Published in InterAction 70, Winter 2009
We regret that our medical advisers cannot respond to individual enquiries.
Dear Doctor: Unbearable nausea
Although I have learnt to cope with most symptoms, I am finding the symptom of nausea to be the most unbearable. I feel very nauseous a lot of the time, often to the point where I think I am going to be sick, but I never am. This often comes in waves and all I can do is try to distract myself until it passes. Because of this I am also losing a lot of weight as I struggle to feel like eating. Is this a common symptom for people with M.E. and is there anything I can do to alleviate it?
Christina, by e-mail
Professor Tony Pinching responded:
Nausea is a common symptom in people with CFS/M.E. and can sometimes be severe, as you describe. The most common causes are: altered function of the stomach and upper gut; food sensitivity/ intolerance; or problems with the balance mechanism, when nausea is usually associated with dizziness.
It is usually possible to get a sense of which of these apply from exploring the detail of your symptoms – type, timing, associated symptoms, relieving and exacerbating features. It would be a good idea to talk these through with your doctor, firstly to make sure it isn’t due to something else, but secondly, if it is due to M.E., to work out which mechanism is involved. This will help to indicate appropriate further investigation and/or treatment.
Nausea may reflect problems with the motility of the stomach and upper gut, similar to the mechanisms involved in irritable bowel syndrome, which commonly co-exist. Eating little and often, at regular intervals, can help. This avoids big changes in the work the gut has to do, as M.E. doesn’t like big changes!
Some patients benefit from medication that helps to empty the stomach and encourages onward movement of food. Domperidone is often effective and well tolerated. Depending how persistent the symptoms are, it can be taken regularly with meals up to three times a day, or just when needed. Metoclopramide works in a similar way, but seems to cause side effects quite commonly in people with M.E. Cyclizine and related drugs work in a slightly different way, further up the nervous system’s control of gut movement and are also helpful.
If nausea is associated with indigestion or heartburn, then the problem may be due to stomach acid being excessive or coming back up the gullet. Troublesome problems of this sort may merit endoscopy (looking into the gullet, stomach and upper gut with a flexible periscope). Eating little and often can help, as can keeping weight down.
Simple antacid indigestion treatments can help but if the problem is persistent or severe, it may be better to use prescribed acid suppression medication such as H-2 blockers (eg. ranitidine) or proton pump inhibitors (eg. lansoprazole).
If your symptoms repeatedly follow eating specific foods, then it may be worth seeing if they improve after cutting that food out completely for two to four weeks. If the symptoms resolve, but return when you restart the food then you may have food sensitivity. This is the simplest and best test of food sensitivity.

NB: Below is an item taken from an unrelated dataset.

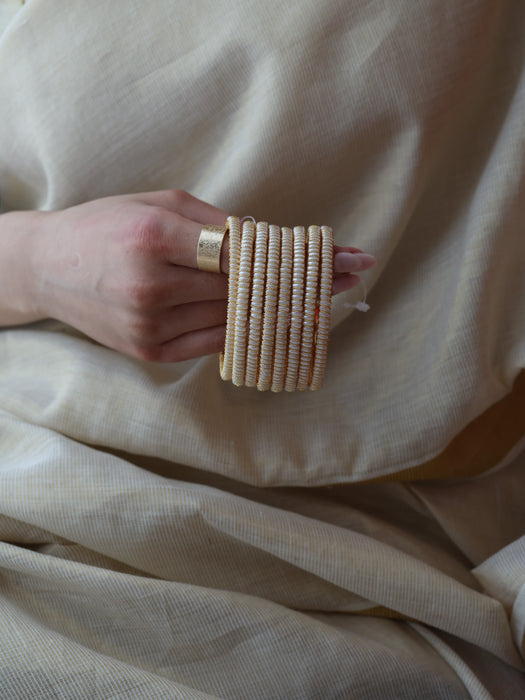 Heritage gold plated pearl bangle (1 set  of 2 bangles) HB209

I am not persuaded that other forms of testing are useful – they can be expensive and confusing. If you do find that you have to cut out sources of key nutrients, it is important to seek dietetic advice to ensure that you can still maintain your recommended daily intake of essential nutrients by other means (eg. calcium, in soya milk or tablets, if you have to cut out dairy products).

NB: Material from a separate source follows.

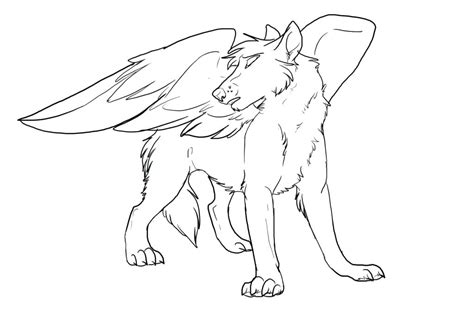 wolf drawing  wings  getdrawings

If your nausea is associated with dizziness (spinning or tumbling) or you are getting more travel sickness, then it may be caused by problems with the balance mechanism. If so, a number of different approaches can be useful. Avoiding sudden movements of head or body can help. There are also some exercises to retrain the way that the brain perceives being off balance, which benefit some people.

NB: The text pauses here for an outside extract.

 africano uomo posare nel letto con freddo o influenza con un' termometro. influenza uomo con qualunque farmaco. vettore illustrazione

Medication used for travel sickness can also be helpful, either on a regular, or as-and-when basis. Over the counter medication, such as cinnarizine (Stugeron), can be useful, but it is often too sedating to use regularly. Stemetil is often useful, especially as it can be put under the tongue (Buccastem), but it too can be a bit sedating. Betahistine (Serc), is the least sedating agent that suppresses unwanted signals from the balance organs and seems to suit a lot of people with M.E.
Nausea can be a very unpleasant and disabling symptom in its own right. If it leads to significant weight loss, it can be a cause of additional problems such as undernourishment, when further medical attention and/or dietetic advice may be needed.